(Short descriptive text snippets)
--- START ---
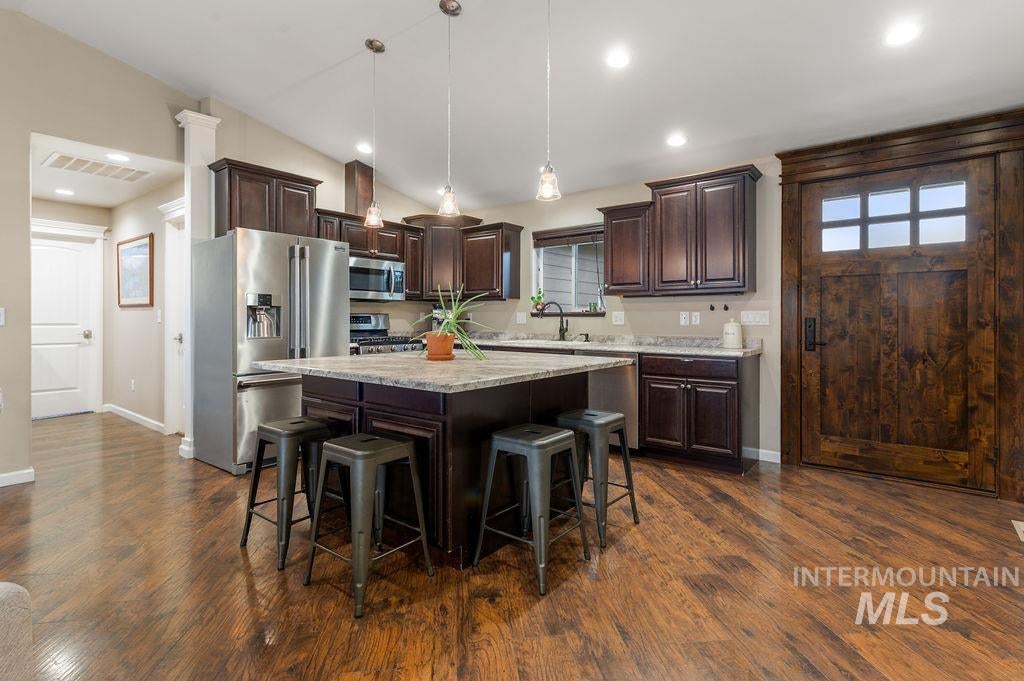 Photo of 3307 18th Street, Lewiston, ID 83501 (MLS # 99002565)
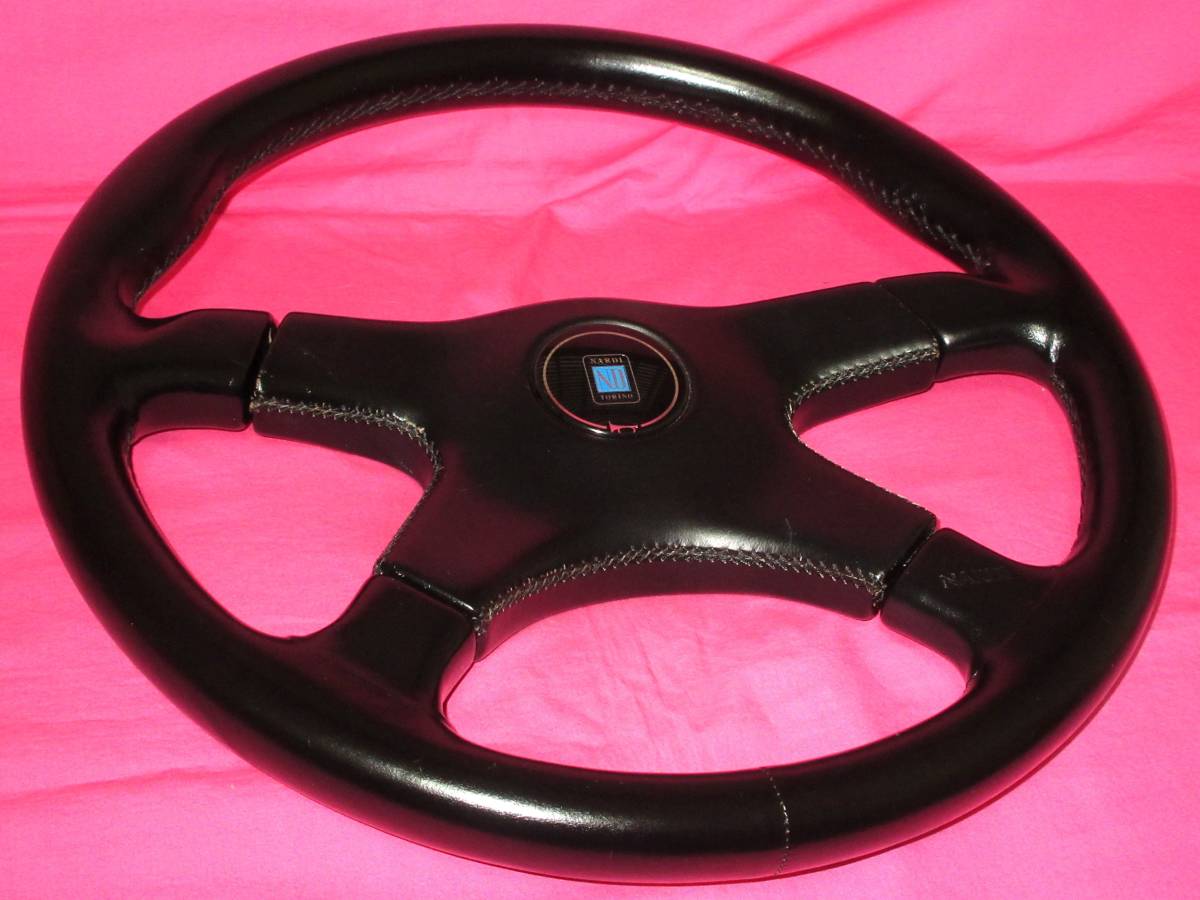 ヤフオク! -「ナルディ gara4」の落札相場・落札価格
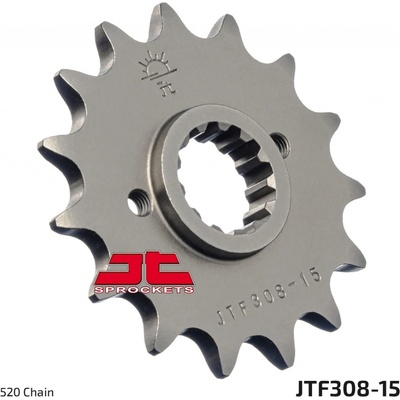 JT Sprockets JTF 308-15 | Zboží Auto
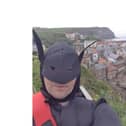 Lee Pearce as Batman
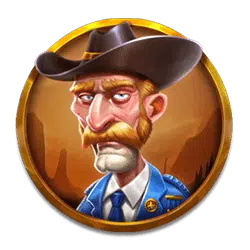 Icon 4 Wild West Duels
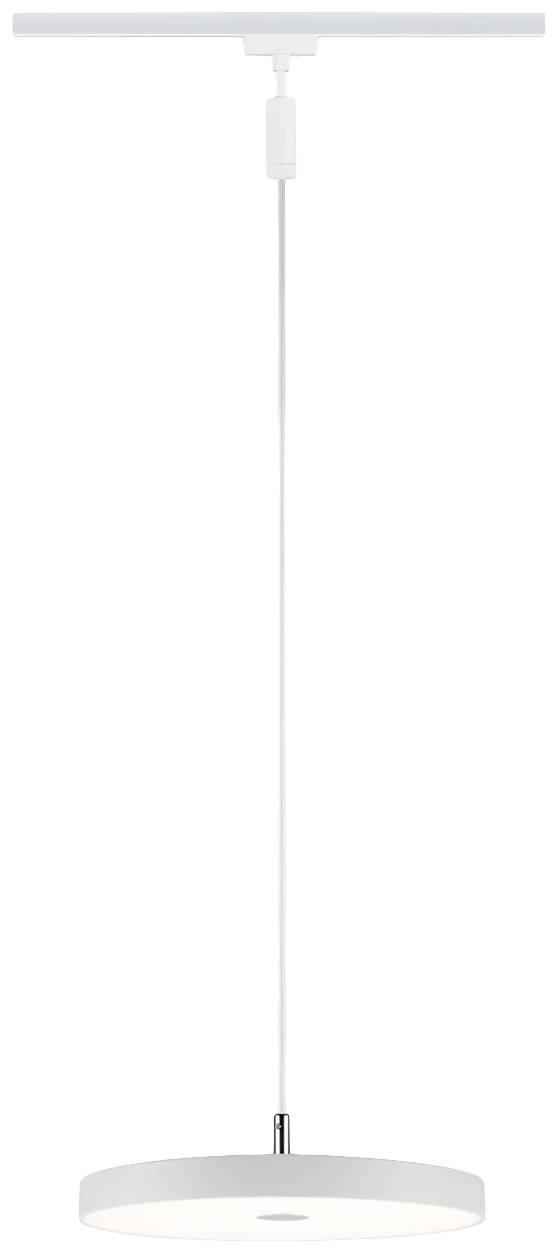 Paulmann Hildor LED-Schienenstrahler URail 15W Weiß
--- END ---
→ **DIRECTIONS**:
Please repeat the records above exactly, omitting any pictures they contain.

→ **COMPLETED TASK**:
 Photo of 3307 18th Street, Lewiston, ID 83501 (MLS # 99002565)
 ヤフオク! -「ナルディ gara4」の落札相場・落札価格
 JT Sprockets JTF 308-15 | Zboží Auto
 Lee Pearce as Batman
 Icon 4 Wild West Duels
 Paulmann Hildor LED-Schienenstrahler URail 15W Weiß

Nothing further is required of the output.